Astronauts Say Goodbye to Hubble for Good
Tuesday, May 19, 2009; 11:34 AM
There's a new telescope in the heavens. It has a familiar name: the Hubble Space Telescope. But this is a new creature altogether.
Just a few days ago the Hubble had a single major scientific instrument, a 16-year-old camera. It also had an aiming device that freelanced a little bit of science in its spare time. Everything else was kaput. The most advanced camera had been dead for two years, and the spectrograph dead for nearly five.
Now the Hubble has four new or rejuvenated scientific instruments. Plus new batteries. New gyros. A new computer. The upgraded telescope has vision so keen it can peer back through time to when the very first, ungainly galaxies were pulling themselves together. It will study the atmospheres of planets orbiting other stars. It will look for tendrils of dark matter wriggling through the intergalactic void.
"We have a brand-new observatory with full capability that will be more productive than ever in its scientific lifetime," said Jon Morse, head of astrophysics for NASA.
This morning, the astronauts aboard the space shuttle Atlantis released the Hubble from the shuttle's cargo bay and sent it back into space after it was refurbished and overhauled during five days of difficult, frustrating, but ultimately triumphant spacewalks.
The Hubble is "safely back on its journey of exploration," shuttle commander Scott Altman told Mission Control.
This was the final servicing mission to the Hubble, and it was a "tour de force of tools and human ingenuity," in the words of astronaut John Grunsfeld as he completed the last spacewalk. He and crewmate Andrew Feustel had installed new batteries and guidance systems and replaced old insulation on the exterior of the telescope with new layers of thermal protection.

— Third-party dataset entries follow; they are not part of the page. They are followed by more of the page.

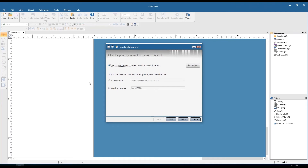We're going to see the new label document wizard pop up. We have three options: use current printer, native printer, and Windows printer. Current printer is just what it sounds like — it's the default printer. Native printer is one of our internal drivers, and Windows printer is going to pull from the list of your devices and printers — anything showing up in your control panel. The native printer is an embedded driver in LabelView.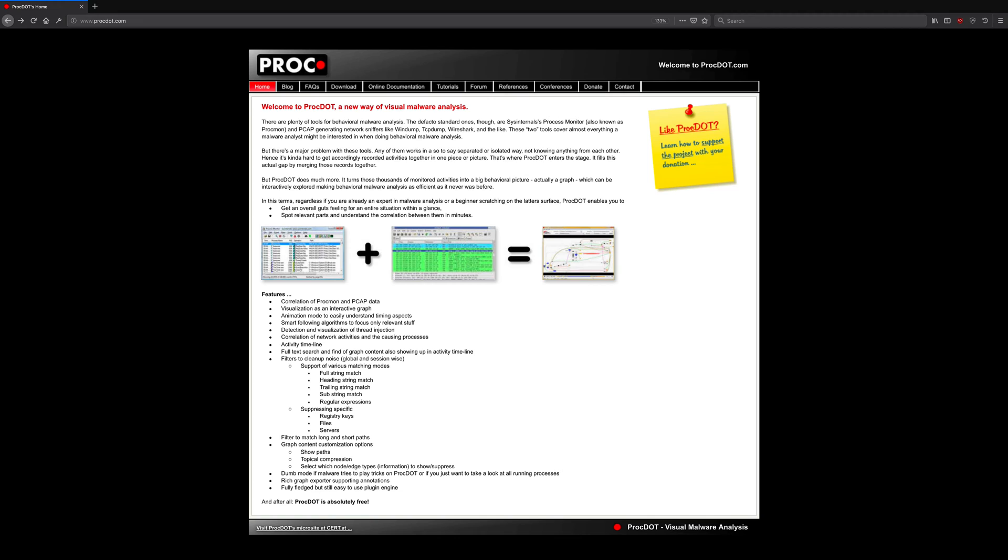Hello and welcome back to another video in the Introduction to Malware Analysis series. In this episode, we're going to look at an awesome utility called ProcDot.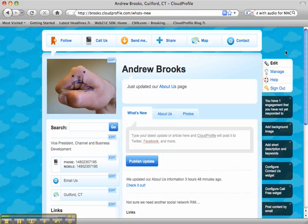The second is what your customers see. Cloud profile is like a Facebook page. When you're logged in, you can edit content directly, and what you see is what your customers see, except without all these edit buttons.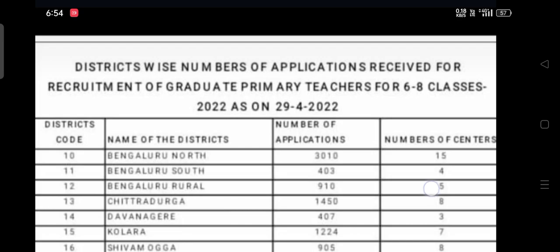Hi, hello dear friends, welcome back to another video of our YouTube channel. This video covers district-wise number of applications received for recruitment of graduate primary teachers for classes 6 to 8.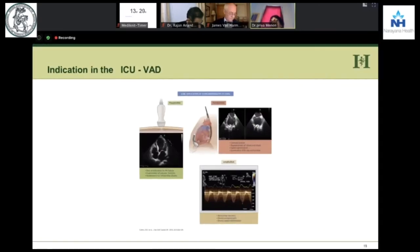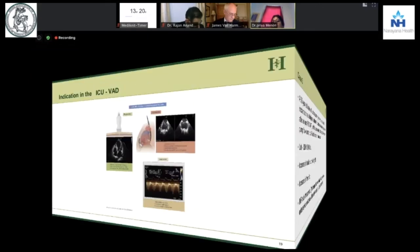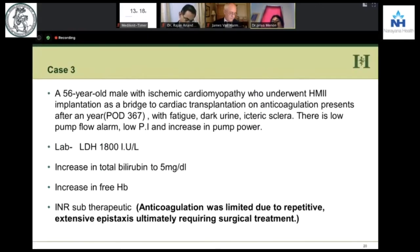These days we have VADs — the previous speakers have already spoken about them. Let's see how the VAD behaves in the ICU. Here is a 56-year-old who had a HeartMate 2 as a bridge to cardiac transplantation, done almost a year back. In between, he had some bleeding from the nose, so his anticoagulation was tapered. Now, suddenly he comes in with fatigue, dark urine, and icteric sclerae — totally yellow.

"The only way of finding the limits of the possible," Grunsfeld said in his valediction, "is by going beyond them, into the impossible."
Atlantis is scheduled to return to the Kennedy Space Center on Friday.
Scientists and NASA officials one-upped themselves in praising the astronauts and their support team.
"Other than 'fantastic,' I have no words to describe it," said theoretical astrophysicist Mario Livio of the Space Telescope Science Institute. "When you see a miracle happen a few times in a row, you know you have to look for an explanation."
Tenacity, ingenuity, training: These words have popped up again and again in recent days as the astronauts have overcome frozen bolts, stripped screws, stuck handrails. They brought hundreds of millions of dollars' worth of instruments back to life even though the devices were never designed to be repaired in space.